§ Exercise: No pictures should be carried over. Output all other parts of the entries verbatim.

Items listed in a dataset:
****

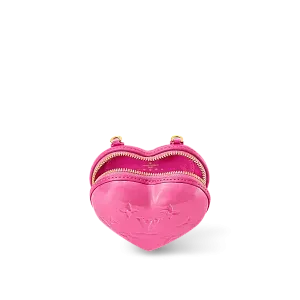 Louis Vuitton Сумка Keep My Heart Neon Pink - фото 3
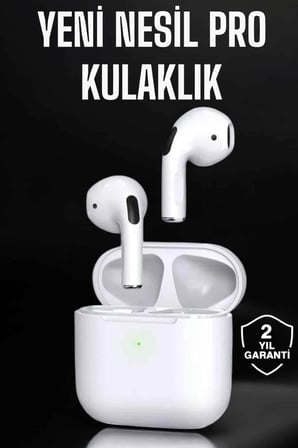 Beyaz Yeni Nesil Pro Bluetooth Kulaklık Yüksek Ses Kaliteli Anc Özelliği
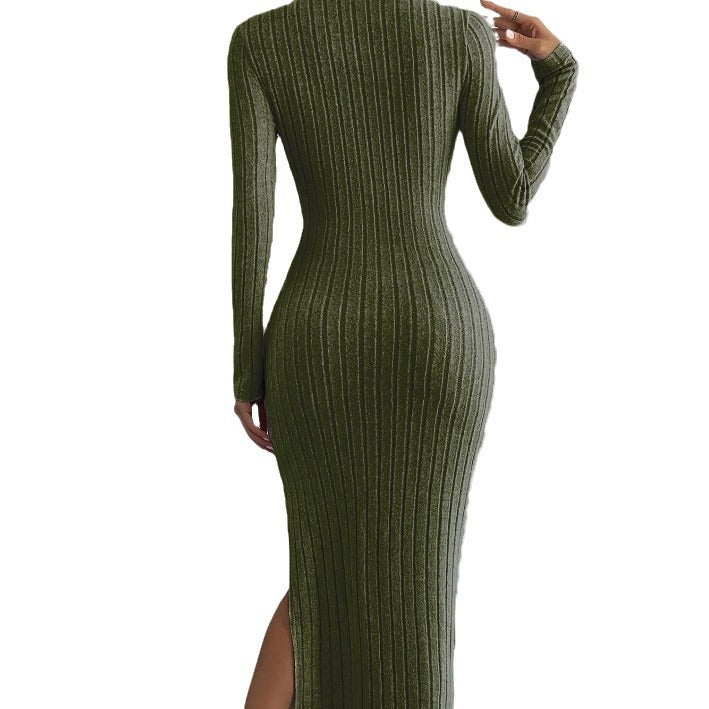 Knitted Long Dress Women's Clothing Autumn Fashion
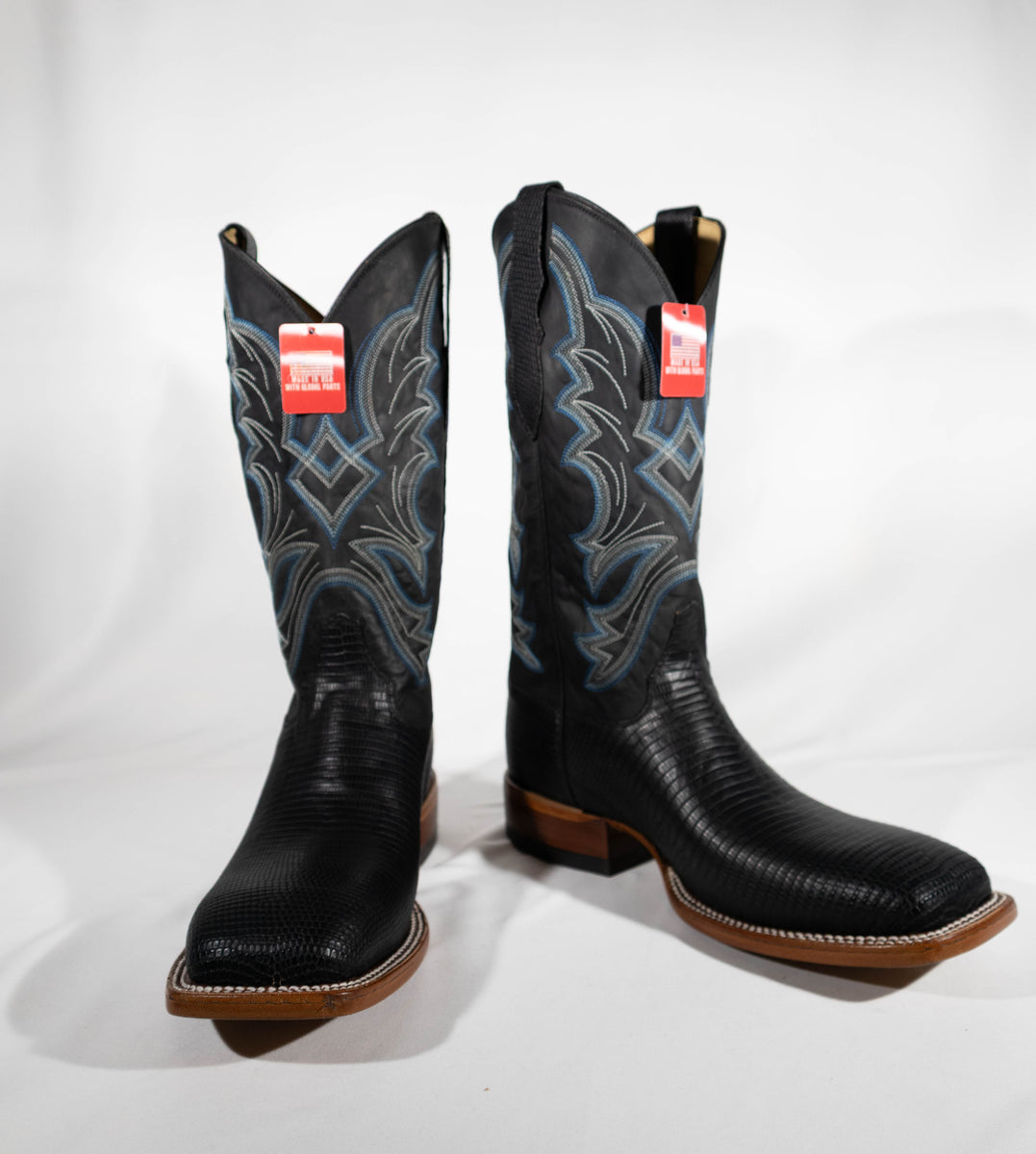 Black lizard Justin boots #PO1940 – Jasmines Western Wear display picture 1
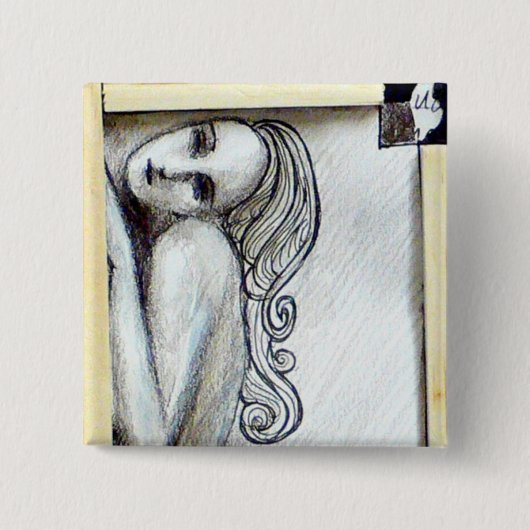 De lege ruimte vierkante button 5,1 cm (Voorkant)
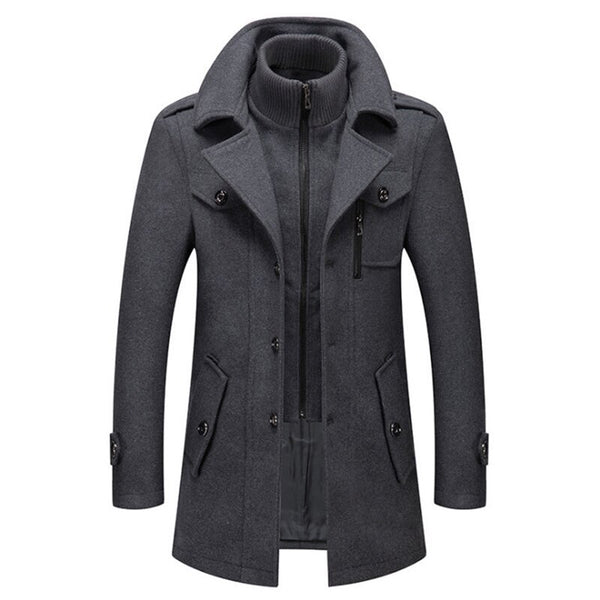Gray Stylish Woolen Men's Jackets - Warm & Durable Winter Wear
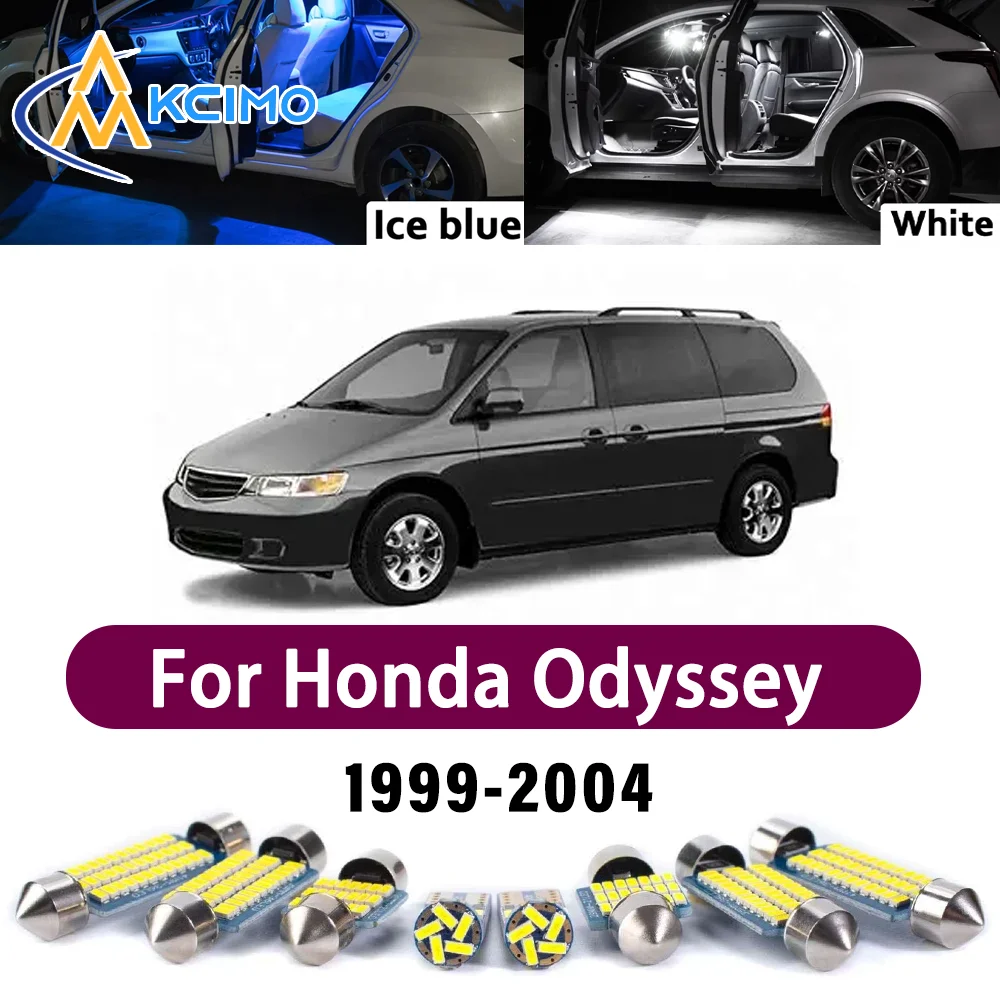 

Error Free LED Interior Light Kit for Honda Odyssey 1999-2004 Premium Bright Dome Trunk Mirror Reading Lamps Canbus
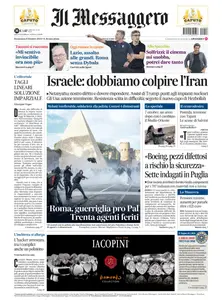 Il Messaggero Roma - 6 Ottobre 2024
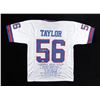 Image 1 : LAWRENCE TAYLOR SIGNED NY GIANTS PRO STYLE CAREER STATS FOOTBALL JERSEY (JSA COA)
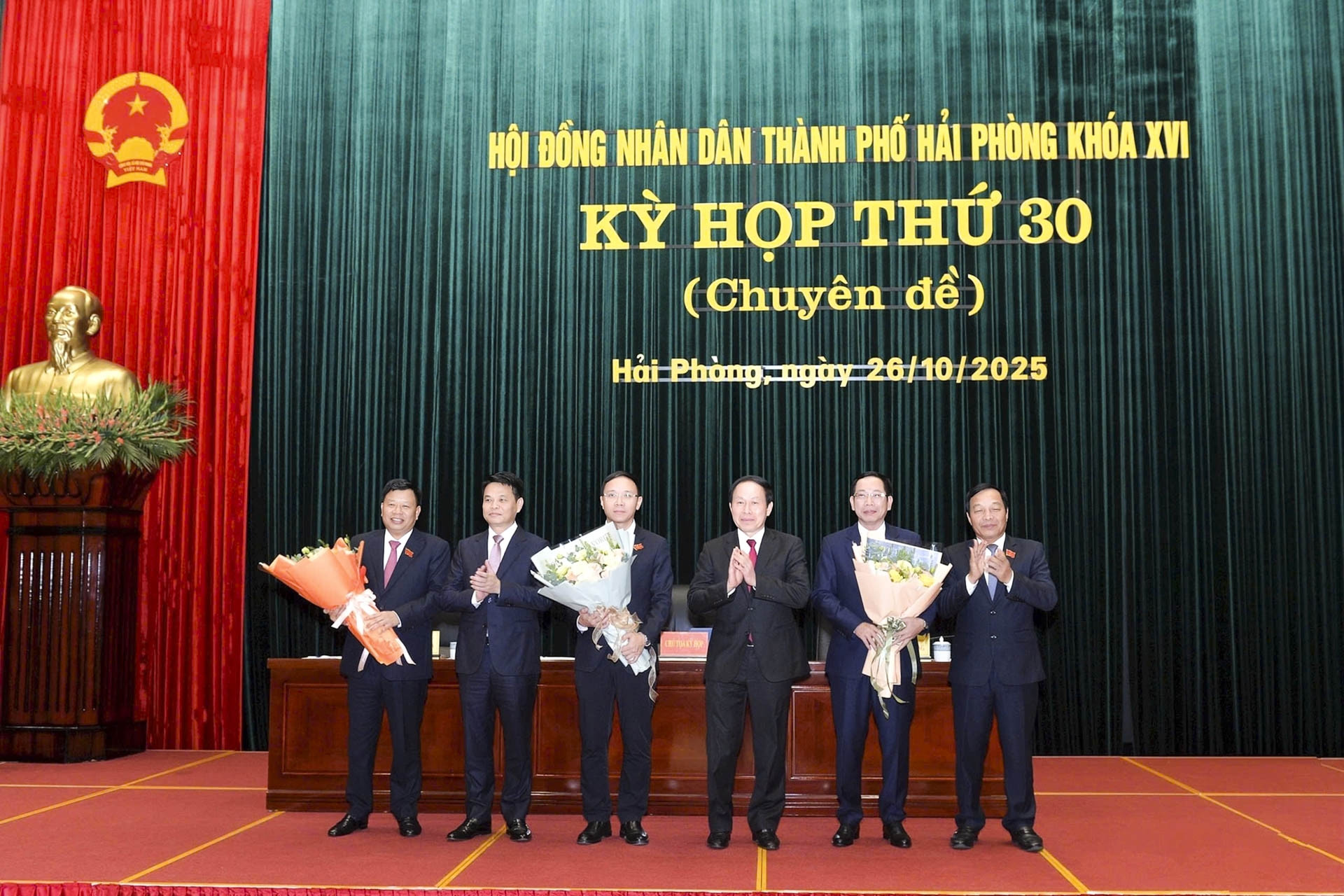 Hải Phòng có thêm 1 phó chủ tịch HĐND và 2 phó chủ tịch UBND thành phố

****

§ Output for this task:
 Louis Vuitton Сумка Keep My Heart Neon Pink - фото 3
 Beyaz Yeni Nesil Pro Bluetooth Kulaklık Yüksek Ses Kaliteli Anc Özelliği
 Knitted Long Dress Women's Clothing Autumn Fashion
 Black lizard Justin boots #PO1940 – Jasmines Western Wear display picture 1
 De lege ruimte vierkante button 5,1 cm (Voorkant)
Gray Stylish Woolen Men's Jackets - Warm & Durable Winter Wear

Error Free LED Interior Light Kit for Honda Odyssey 1999-2004 Premium Bright Dome Trunk Mirror Reading Lamps Canbus
 Il Messaggero Roma - 6 Ottobre 2024
 Image 1 : LAWRENCE TAYLOR SIGNED NY GIANTS PRO STYLE CAREER STATS FOOTBALL JERSEY (JSA COA)
 Hải Phòng có thêm 1 phó chủ tịch HĐND và 2 phó chủ tịch UBND thành phố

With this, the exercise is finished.